One can’t see the stress in the strip itself, which feels both effortless and effortful at the same time. Never do we forget there’s a hand at work and a wriggly, playful mind animating it. Described in the most literal terms, MacDoodle St. was a long-running weekly narrative strip with a large cast of characters and a somewhat mystically driven story. But it’s far more interesting than that. Plenty of stuff from that era is dated in a bad way, focused on transgressing limitations without doing more than just dynamiting boundaries. Stamaty was doing something different.

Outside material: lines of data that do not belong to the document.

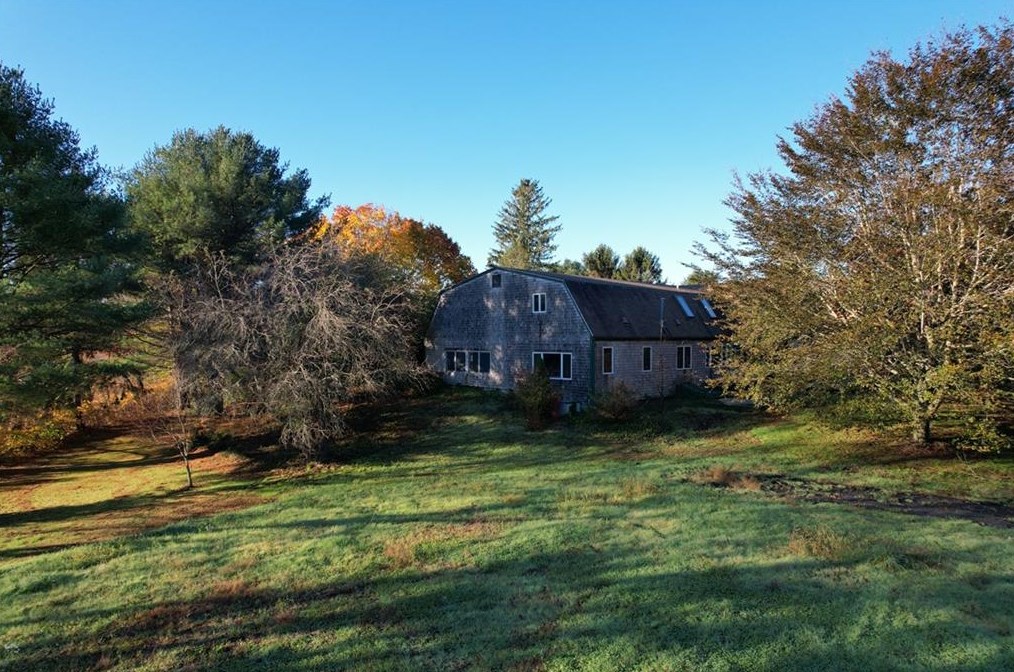 425 Kingstown Rd, Richmond, RI 02892
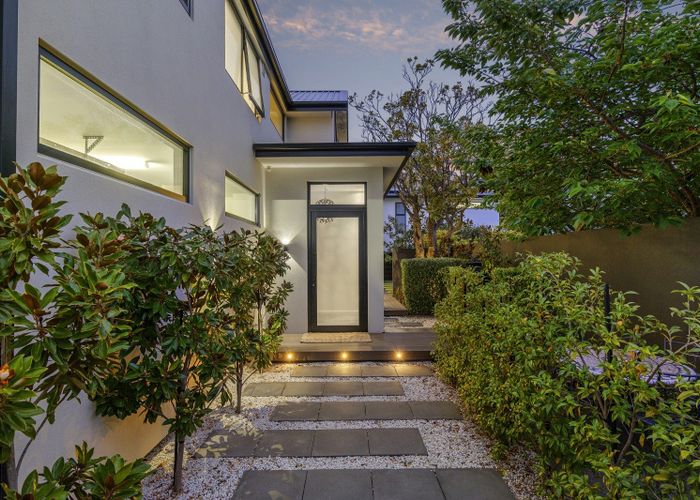  at 1/28 Jeffreys Road, Fendalton, Christchurch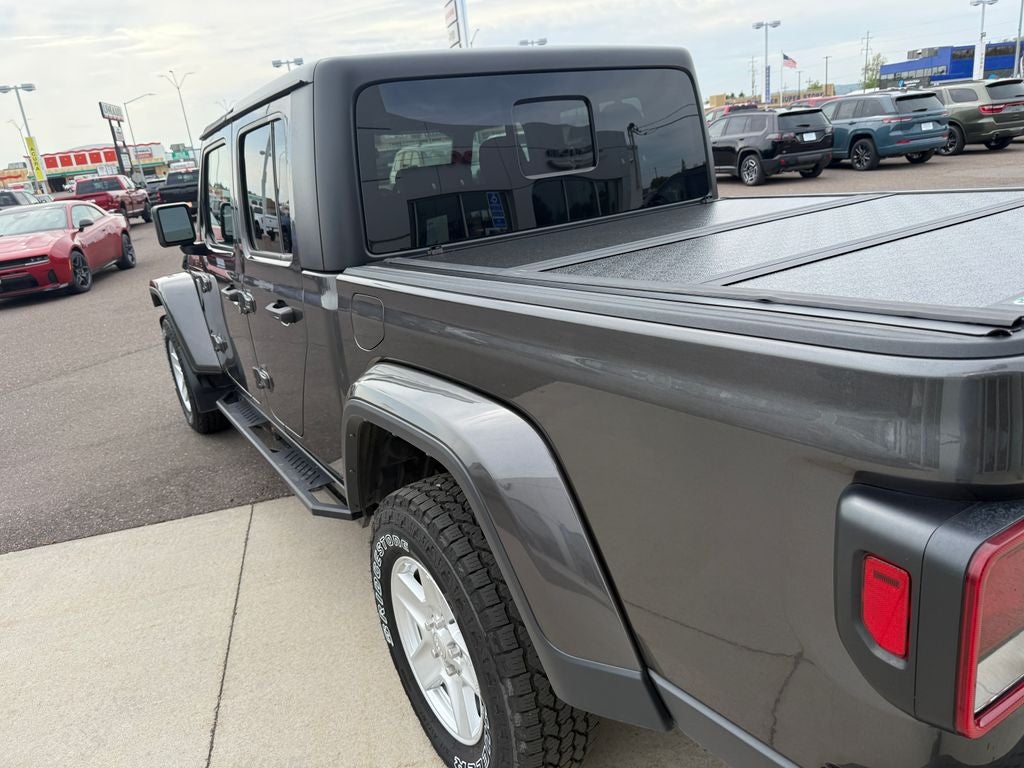 2022 Jeep Gladiator Sport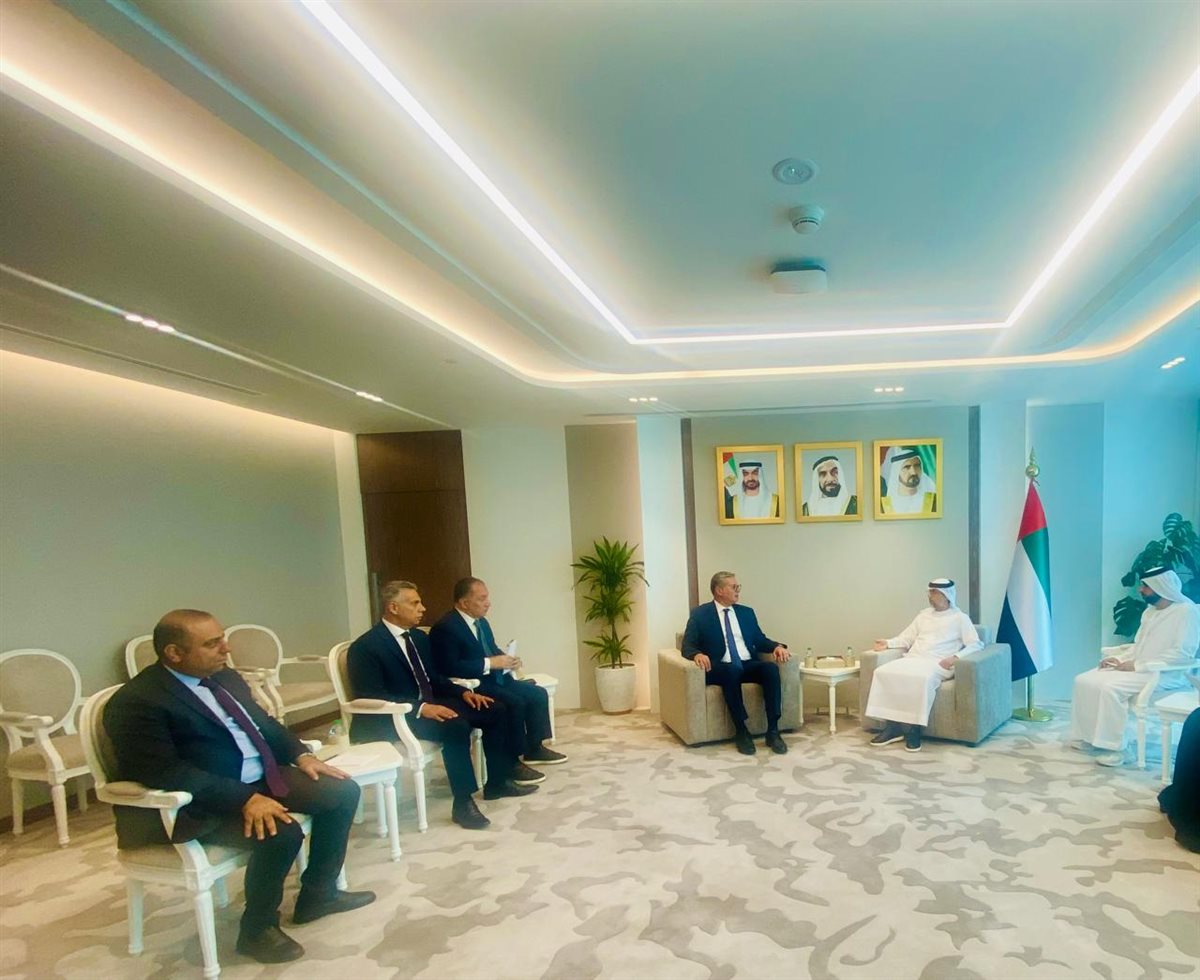 جانب من لقاء وزير البترول والثروة المعدنية ونظيره الإماراتي لبحث سبل التعاون المشترك بإمارة أبو ظبي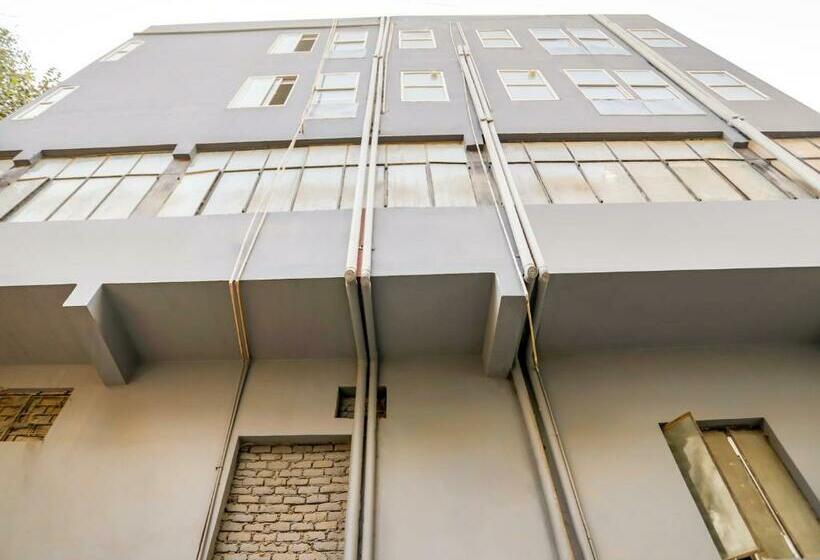 Hotel Oyo 76554 Blu Lagoon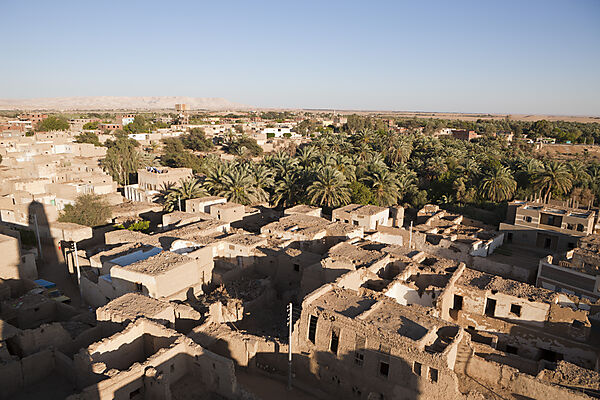 Blick auf Altstadt Al Qasr in Dakhla Oase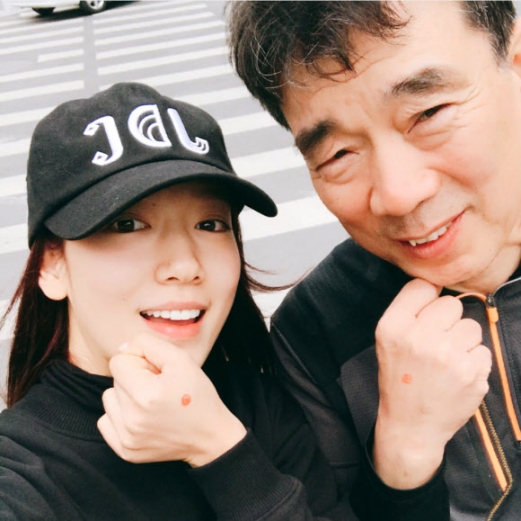 9일 박신혜가 자신의 아버지와 함께 투표한 인증샷을 인스타그램에 공개했다. <br>박신혜 인스타그램 캡처=연합뉴스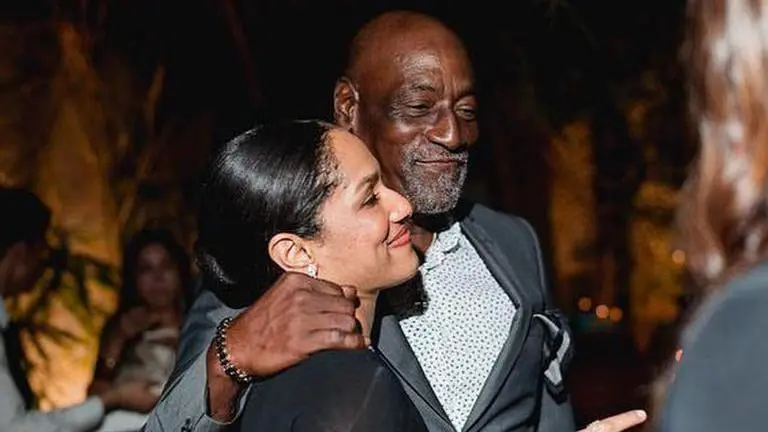 Masaba Gupta shares candid photos with dad Vivian Richards on his birthday Masaba Gupta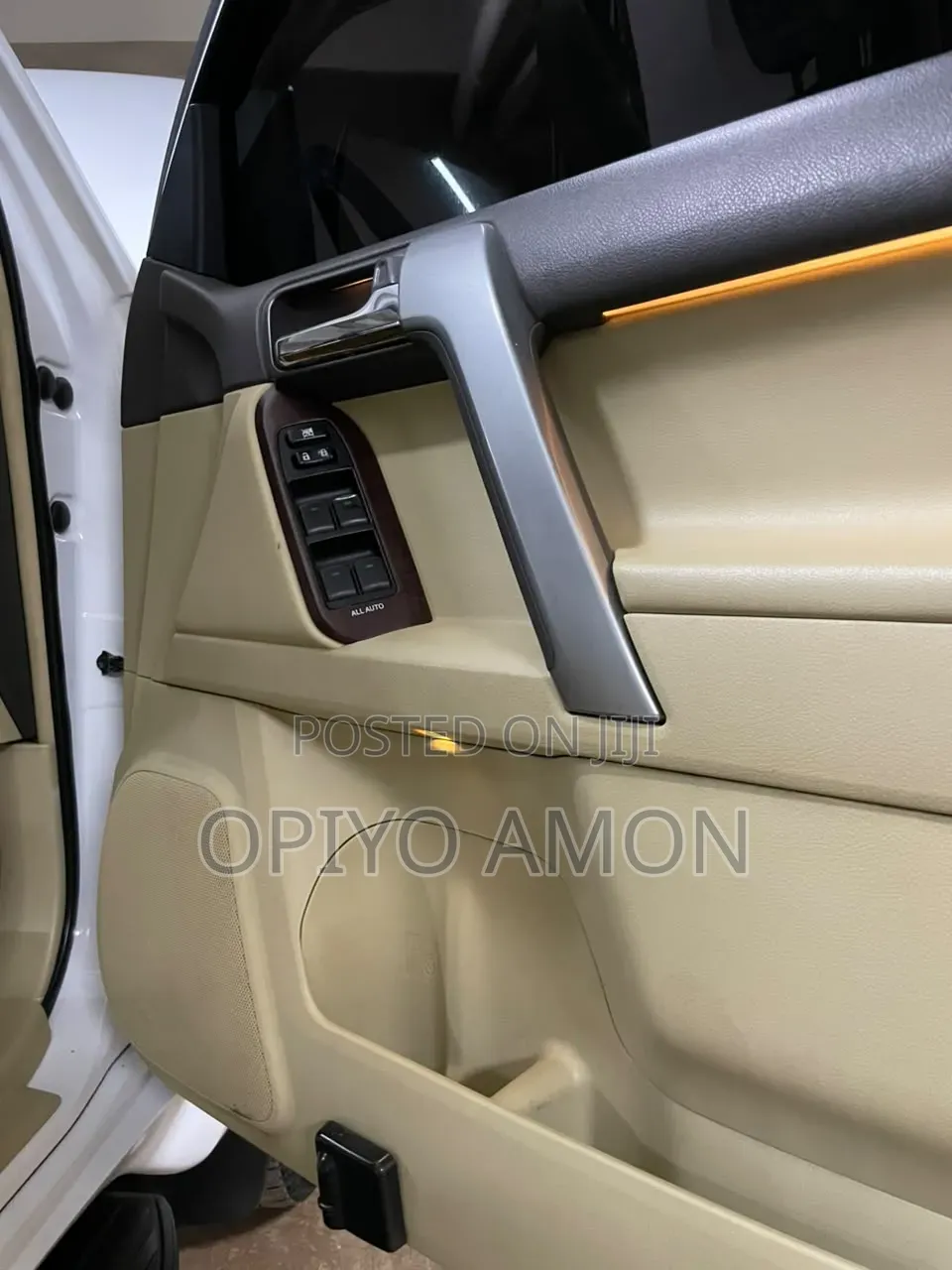 Toyota Land Cruiser Prado 2015 White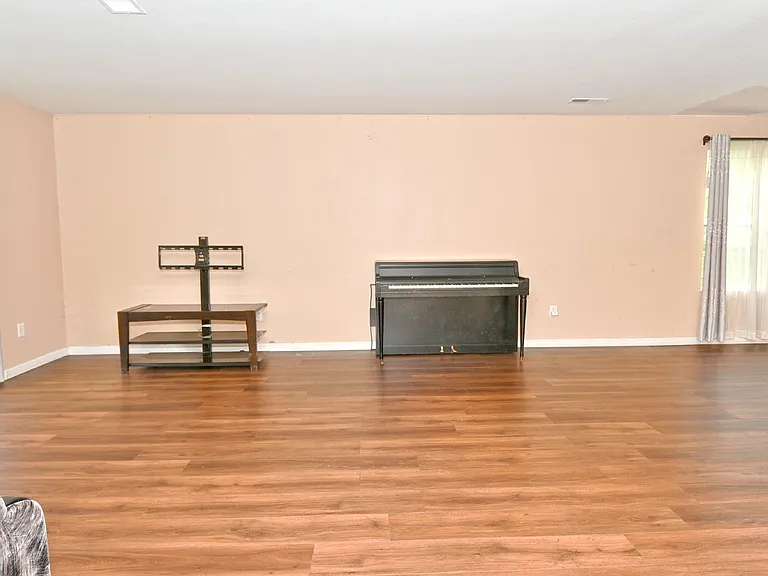 1043 Rentham Ln — Photo 10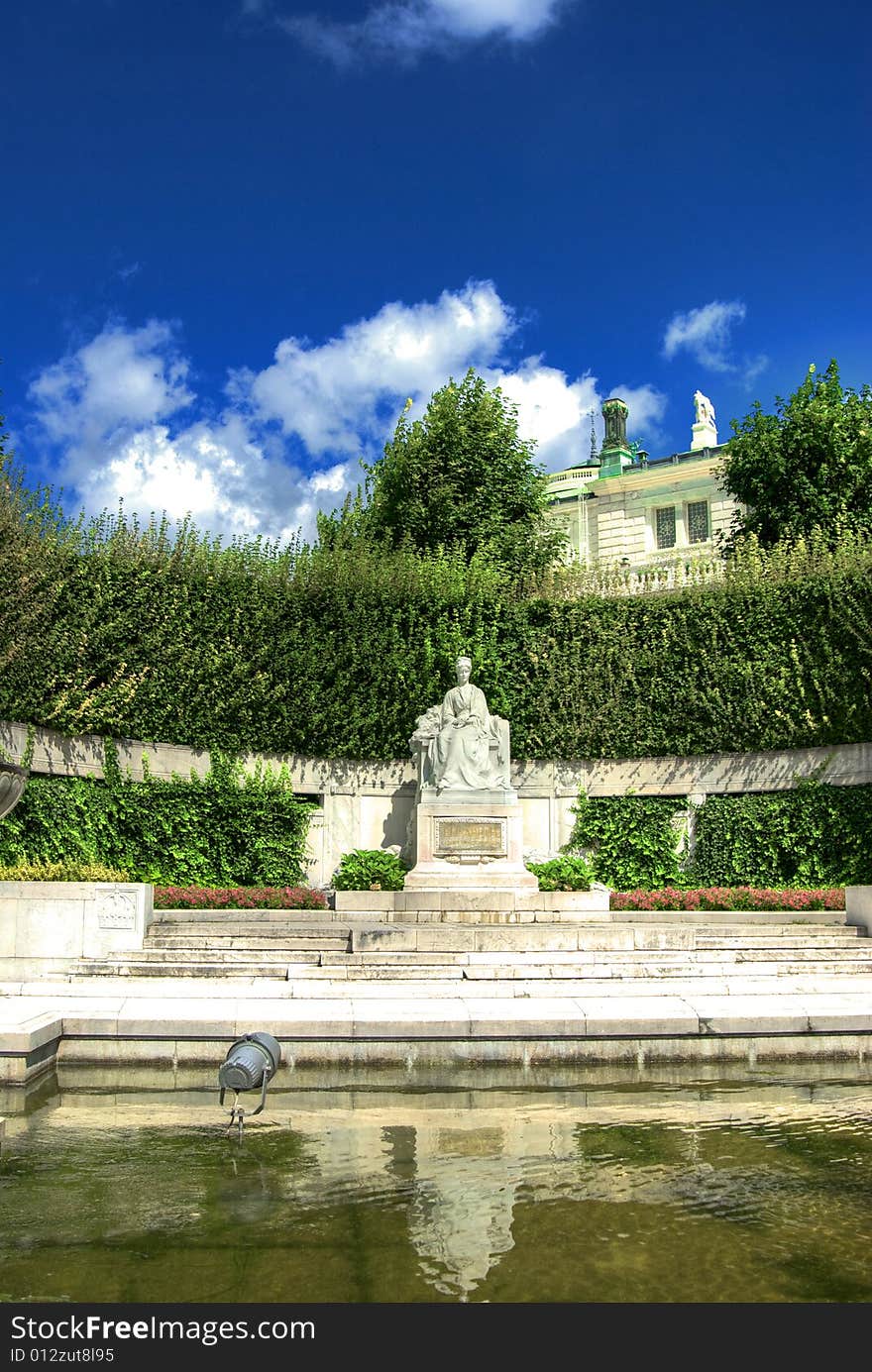 City history Elisabeth nature tourist tourism travel foreign country park stature monument bushes sky clouds water sightseing nature day sunny trip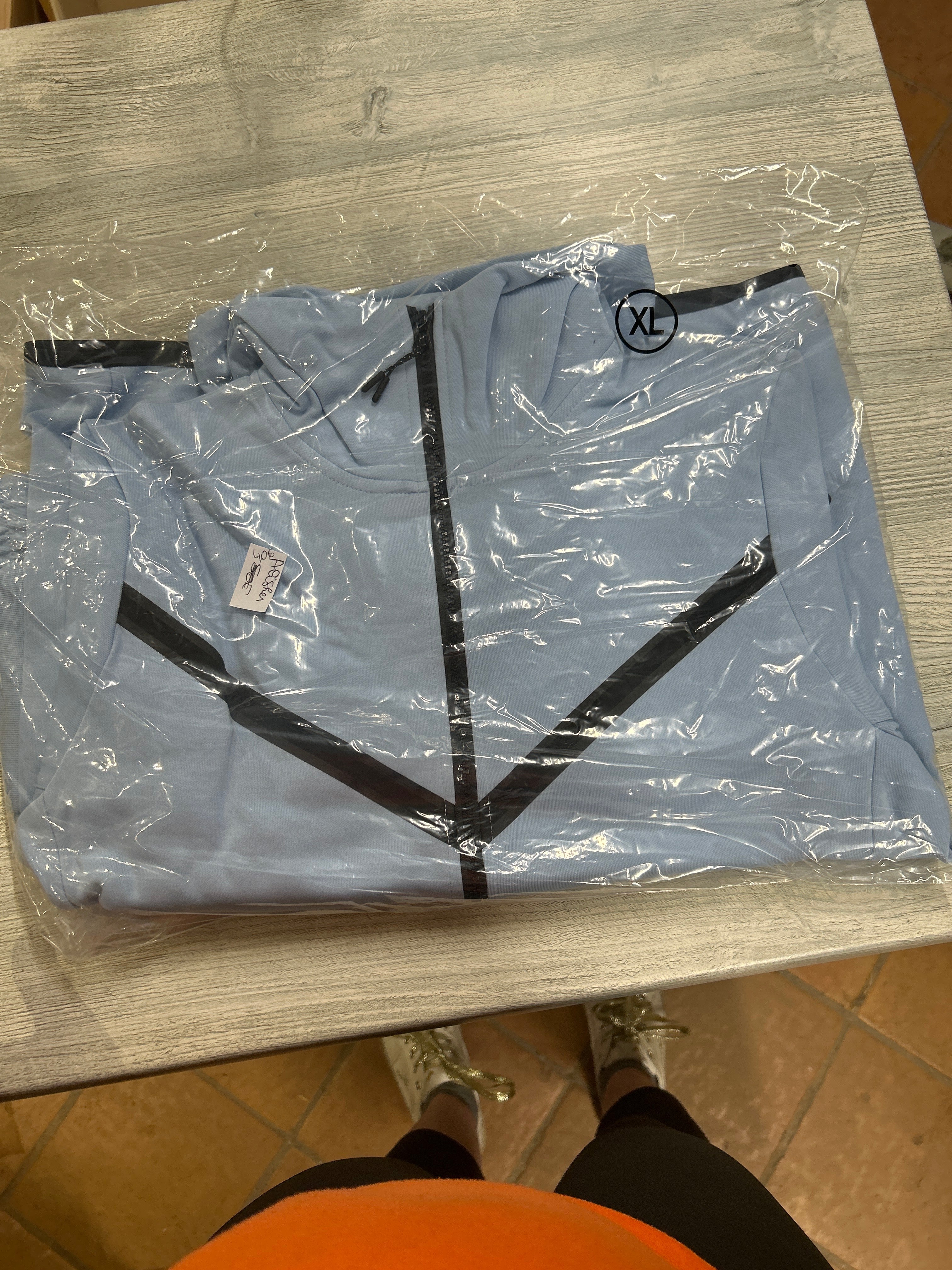 Commande Alisher SOLDETOO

His jokes run through the panels proper but also around the edges, in the gutters and in the lettering. There are silly jokes and jokes about the (then-)present-day, jokes about the zen of washing dishes, jokes about the required parts of a narrative, verbal goof-offs galore and more, all packed into some extremely full pages. The strip itself often shows up as a character, walking its panels around on a couple of legs. It starts out in the title section at the top of the strip, each week given a different adjective (“action-packed,” “talkative,” “restless,” “urbane”), then migrates down into the panels proper, where it gets drunk and belligerent or travels to Washington, D.C., to demonstrate against nuclear power.
That ability to osmose between well-drawn, firm lines rather than abandoning them is a key to the abiding joy of of Stamaty’s work. It also explains why he felt he was under a lot of pressure to keep producing new ideas and new types of jokes. Once you have create a whole strip in which each panel appears on the body of a cow in a herd, you are bound to feel like you have to keep adding balls to the juggling act. On the other hand, it sure was a fun one, and the fact that it’s more about structure (both comics and humor) than about its era helps it hold up.